ADR-001: Extract reusable orchestration core as standalone Python package
Status
ACCEPTED
Context and Problem Statement
Over the course of building four production AI agent orchestration systems — Planora (Python CLI/TUI for multi-agent implementation planning), Articles (Bash 8-phase article writing pipeline), Finvault (Bash multi-agent performance audit and code review), and Raven/Ralph (Bash autonomous task-driven development with loop recovery) — a clear pattern emerged: approximately 60-70% of the orchestration code across all four systems is functionally identical infrastructure.
Each system independently implements subprocess launching for agent CLIs, JSONL stream parsing, rate-limit detection and recovery, workspace management, configuration handling, and signal-based shutdown. Bug fixes discovered in one system (such as a new rate-limit detection pattern for Claude CLI, or a timezone parsing fix for reset times) must be manually ported to the other three systems. New agent CLI support (e.g., when Gemini CLI launched) requires implementing a stream parser in each system separately.
The AI agent CLI ecosystem is expanding rapidly. Each new agent CLI means N implementations across N systems. Without a shared library, the maintenance burden scales linearly with both the number of orchestration systems and the number of supported agents.
Business Context
- Four production systems actively maintained by a single developer, creating unsustainable duplication
- The Python ecosystem lacks a purpose-built library for orchestrating CLI-based AI coding agents (existing tools like LangChain and CrewAI operate at the API level, not the subprocess level)
- New orchestration projects are planned, and each would re-derive the same infrastructure without a shared package
- The cost of a bug in rate-limit recovery or signal handling is multiplied by the number of systems
Decision Drivers
| Driver | Priority | Why It Matters |
|---|---|---|
| Eliminate code duplication | Critical | 60-70% identical infrastructure across 4 systems; every bug fix must be ported 4 times |
| Reduce time to build new orchestration systems | Critical | New projects should define domain logic only, not reimplement subprocess management |
| Single source of truth for bug fixes | High | A timezone parsing fix should benefit all consumers immediately |
| Support growing agent CLI ecosystem | High | New agents (Gemini, Copilot) keep appearing; shared parsers are essential |
| Maintain consuming project autonomy | High | Each system has different entry points (Bash, Python CLI, TUI); must not force a single architecture |
| Type safety across the stack | Medium | Multi-agent orchestration has subtle failure modes that type checking catches |
Considered Options
Option 1: Extract into standalone Python package orchcore (CHOSEN)

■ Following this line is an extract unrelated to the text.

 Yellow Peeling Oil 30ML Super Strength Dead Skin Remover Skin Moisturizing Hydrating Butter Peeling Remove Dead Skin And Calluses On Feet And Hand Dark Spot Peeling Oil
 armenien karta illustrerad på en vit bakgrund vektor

Overview: Analyze all four source systems, identify the common orchestration patterns, and extract them into a pip-installable Python package with 10 components. Consuming projects import the components they need.

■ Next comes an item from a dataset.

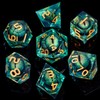 ARUOHHA DND Resin Dice Beholder's Dragon Eye Dice Liquid Core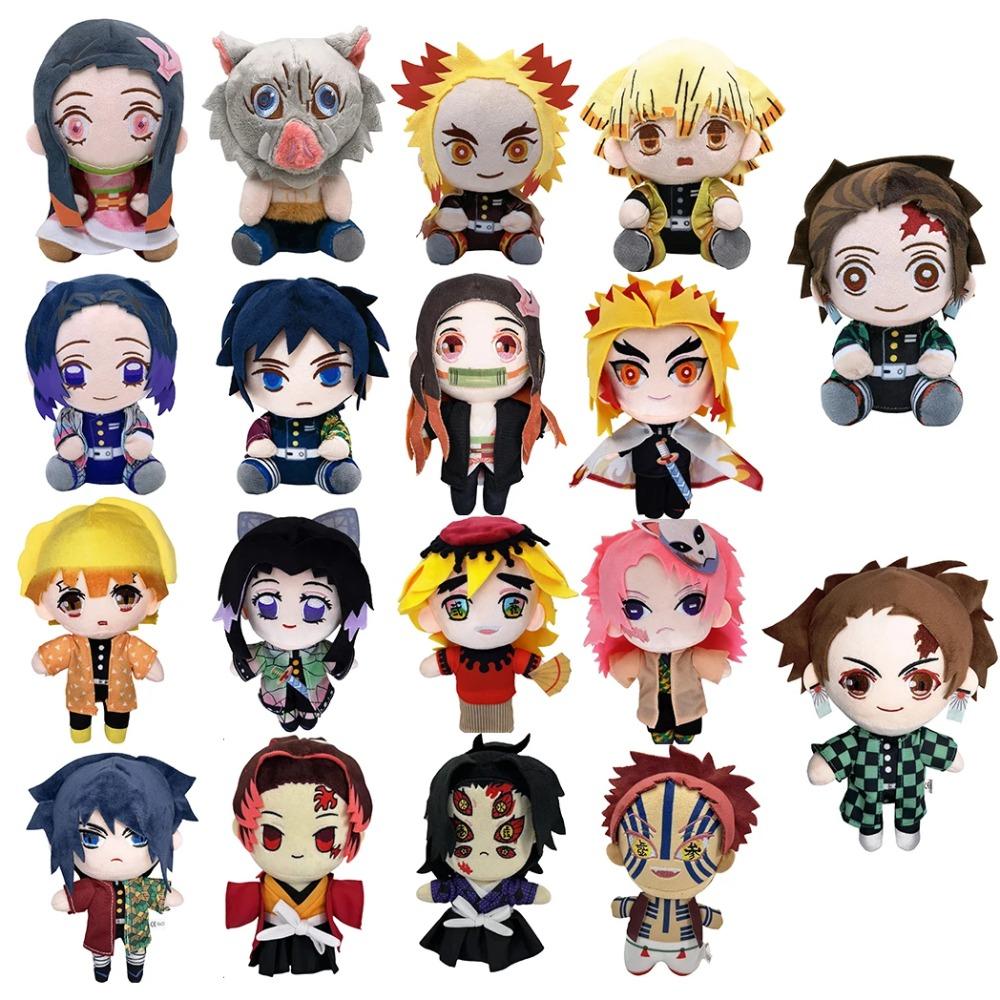 20cm Demon Slayer Plysjleke Japansk Klassisk Anime Tegneseriefigurer Utstoppede Plysjleker Barn Bursdagsgaver Julegaver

Pros: - Eliminates duplication: common code exists in exactly one place - Each consuming project keeps its domain logic untouched - New orchestration projects start with a tested, documented foundation - Bug fixes and improvements benefit all consumers immediately via version bumps - Type-safe Python with mypy strict mode catches errors at development time - Standard Python packaging (PyPI, pip) makes distribution trivial - Each component is independently usable — no all-or-nothing dependency
Cons: - Upfront investment in design, extraction, and testing (~12 weeks) - Bash-based systems (Articles, Finvault, Raven) require migration effort or a shim layer - Versioning discipline required — breaking changes affect all consumers - Single developer must maintain the package alongside consuming projects
Risk Assessment:
| Risk Type | Level | Detail |
|---|---|---|
| Technical | Low | The patterns are well-proven across 4 production systems; extraction is refactoring, not invention |
| Schedule | Medium | 12-week estimate for v1.0; Planora migration adds 2-3 weeks |
| Ecosystem | Low | Python packaging is mature; pydantic and asyncio are stable foundations |
Trade-offs: - We gain single source of truth and elimination of duplication, accepting upfront extraction effort and ongoing versioning discipline - We gain type safety and testability, accepting that Bash-based consumers need migration or a shim
Option 2: Shared Bash library (shell functions)
Overview: Extract common patterns into a Bash library of shared functions (a sourced shell script) that Articles, Finvault, and Raven can source.
Pros: - Minimal migration for existing Bash systems - No language barrier — stays in the existing ecosystem - Simple distribution (single file or git submodule)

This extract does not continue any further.